Goal of the exercise ::
Would you please copy only the lines from the line that contains "55149046 :رقم المزاد" to the end of the data below, exactly, leaving every picture out?

Data for the task ::
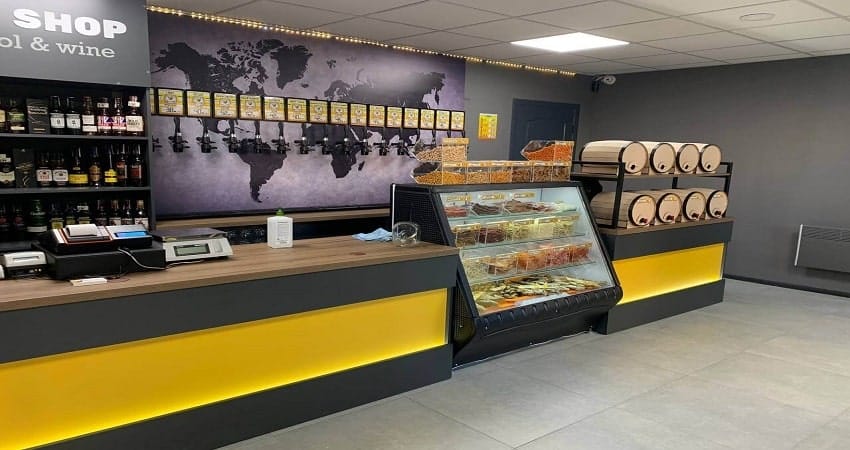 Скільки коштує відкрити магазин пива у 2026 році вартість відкрити магазин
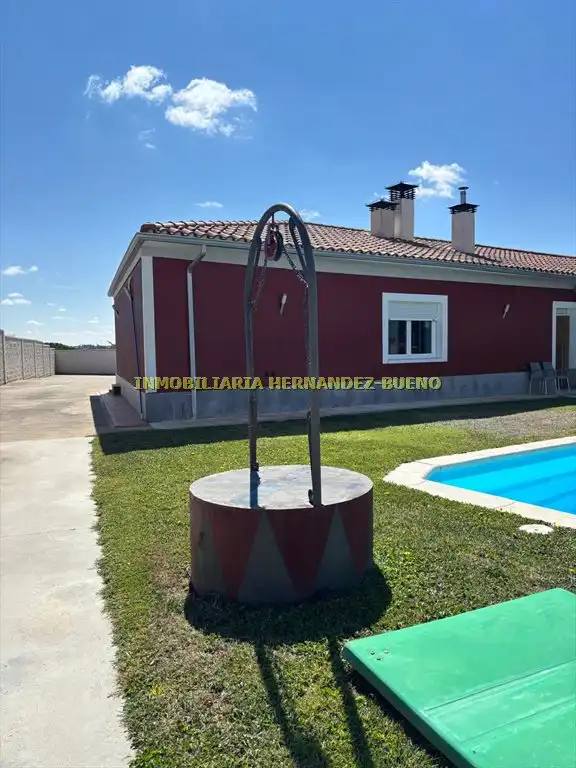 Xalet amb piscina en venda a Villamayor, imagen 18
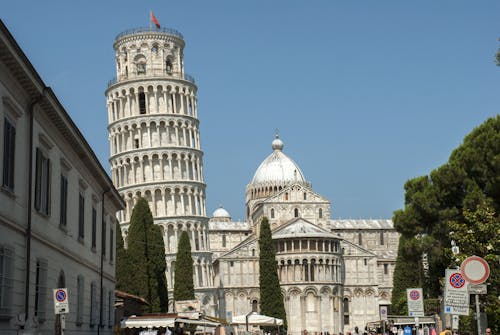 Základová fotografie zdarma na téma pisa, věž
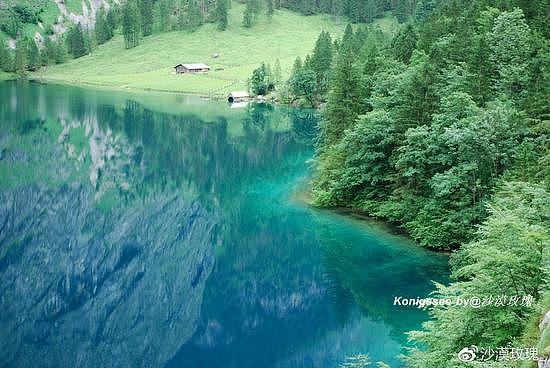 泛舟国王湖，聆听德国最美湖泊的回声 - 6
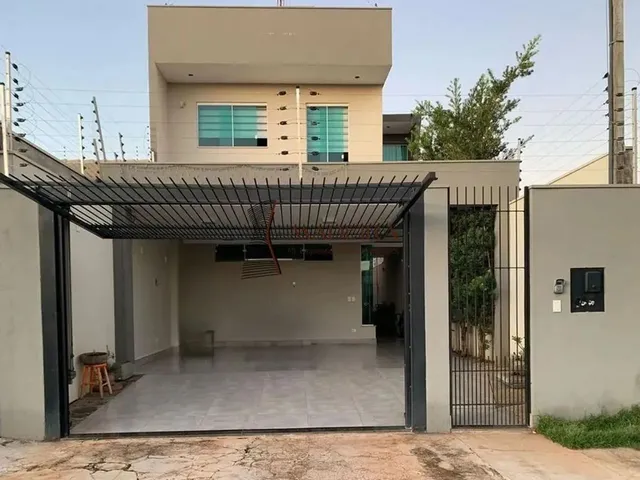 Imagem 1: Sobrado com 2 Quartos + 1 Suíte - Jd. Paulista III - Maringá-Pr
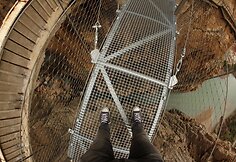 El Caminito del Rey takas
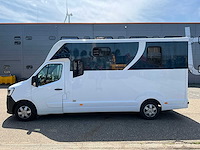 2023 renault master t35 2.3dci paarden truck mtm opbouw - afbeelding 22 van  36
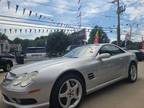 2005 Mercedes-Benz SL-Class SL 55 AMG 2dr Convertible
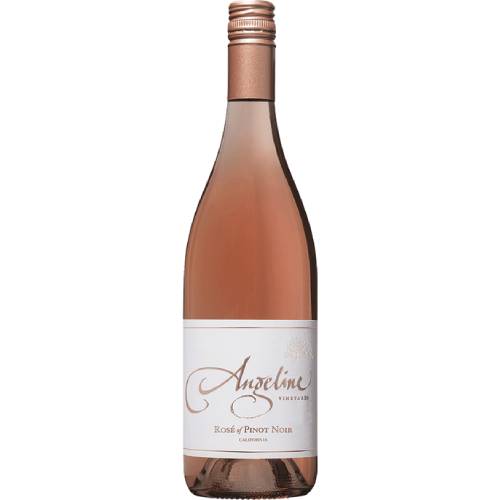 Angeline California Rose Pinot Noir - 750ML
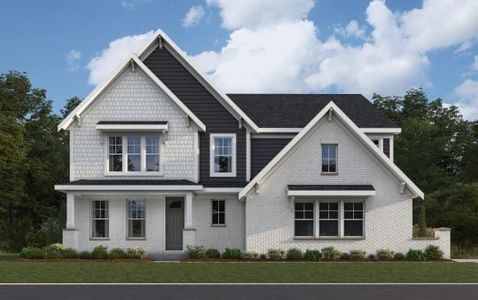 New construction Single-Family house 4320 Cumming Hwy, Canton, GA 30115 plan Pearson - image 11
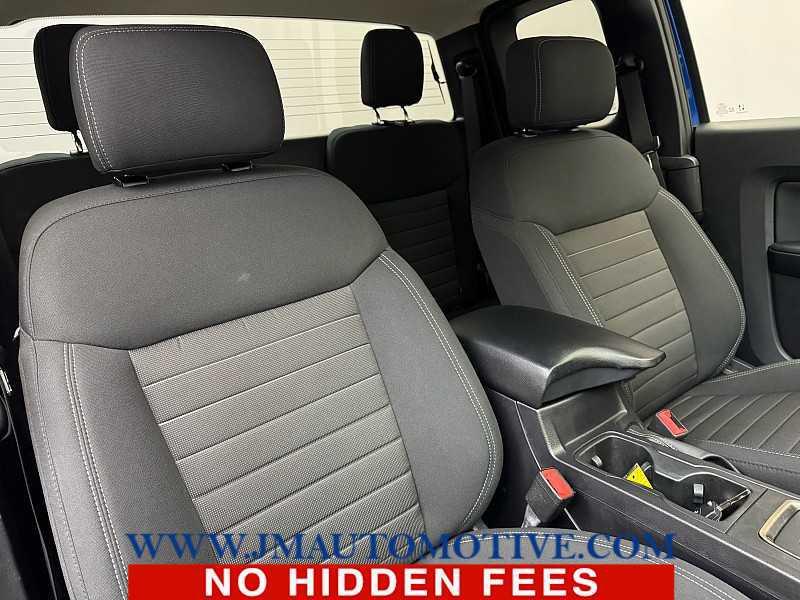 used 2020 Ford Ranger car, priced at $26,995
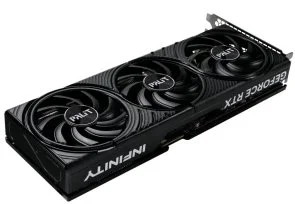 Фото: Відеокарта Palit RTX 5070 Infinity 3 (NE75070019K9-GB2050S) № 3 | KTC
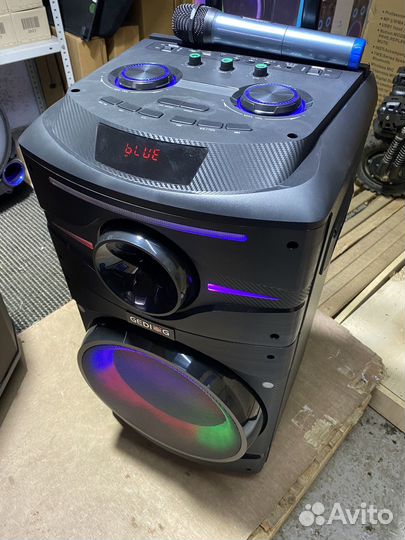 Колонка блютуз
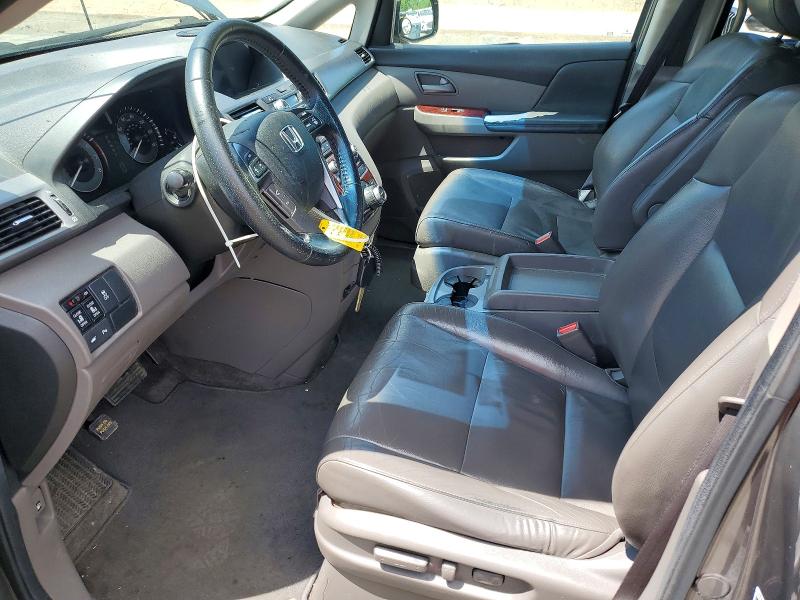 55149046 :رقم المزاد ، 5FNRL5H94BB023302 vin ، 2011 Honda Odyssey مزاد بيع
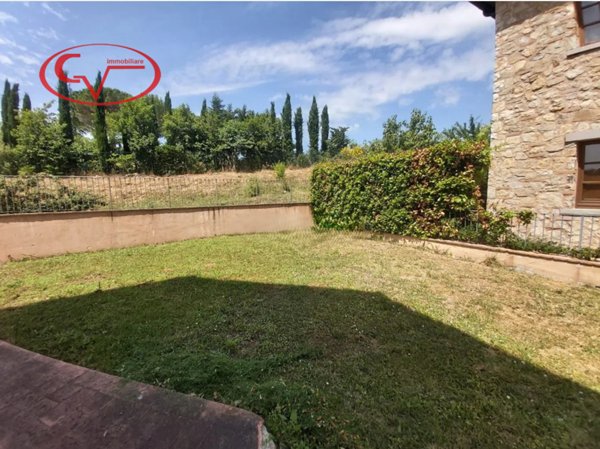appartamento in vendita a Gaiole in Chianti in zona Badia a Coltibuono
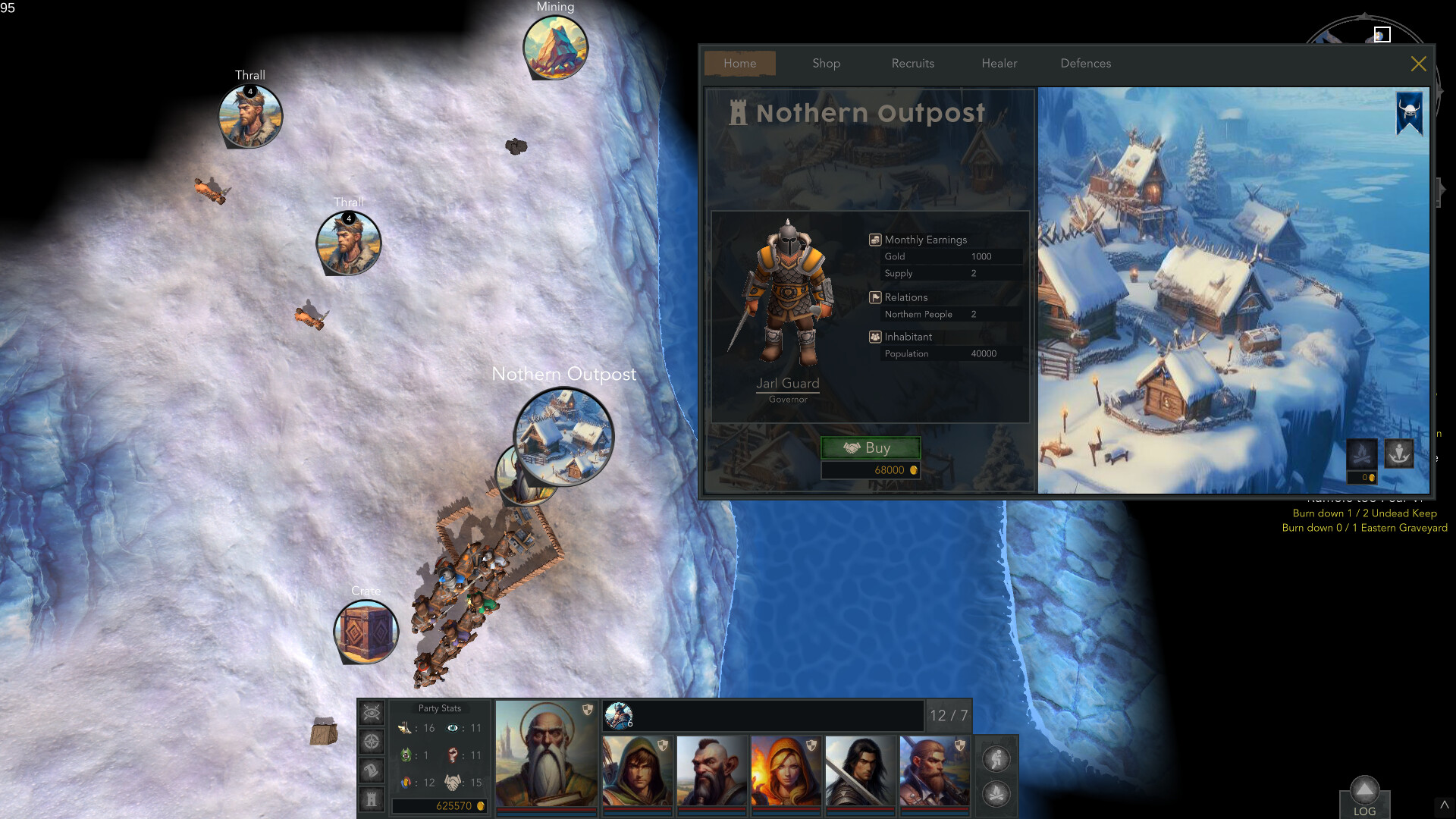 Tears of Adria screenshot 1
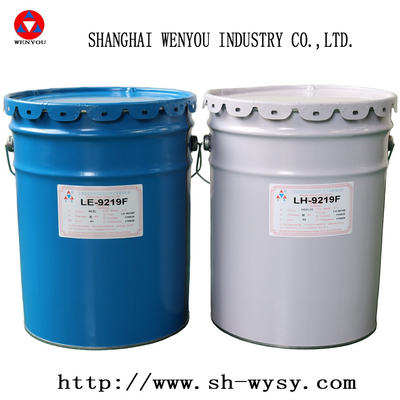 Di bawah 33kv Voltage Isolasi Slurry Flame Retardant Epoxy Resin Uv Resistance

Worked solution ::
 55149046 :رقم المزاد ، 5FNRL5H94BB023302 vin ، 2011 Honda Odyssey مزاد بيع
appartamento in vendita a Gaiole in Chianti in zona Badia a Coltibuono
 Tears of Adria screenshot 1
 Di bawah 33kv Voltage Isolasi Slurry Flame Retardant Epoxy Resin Uv Resistance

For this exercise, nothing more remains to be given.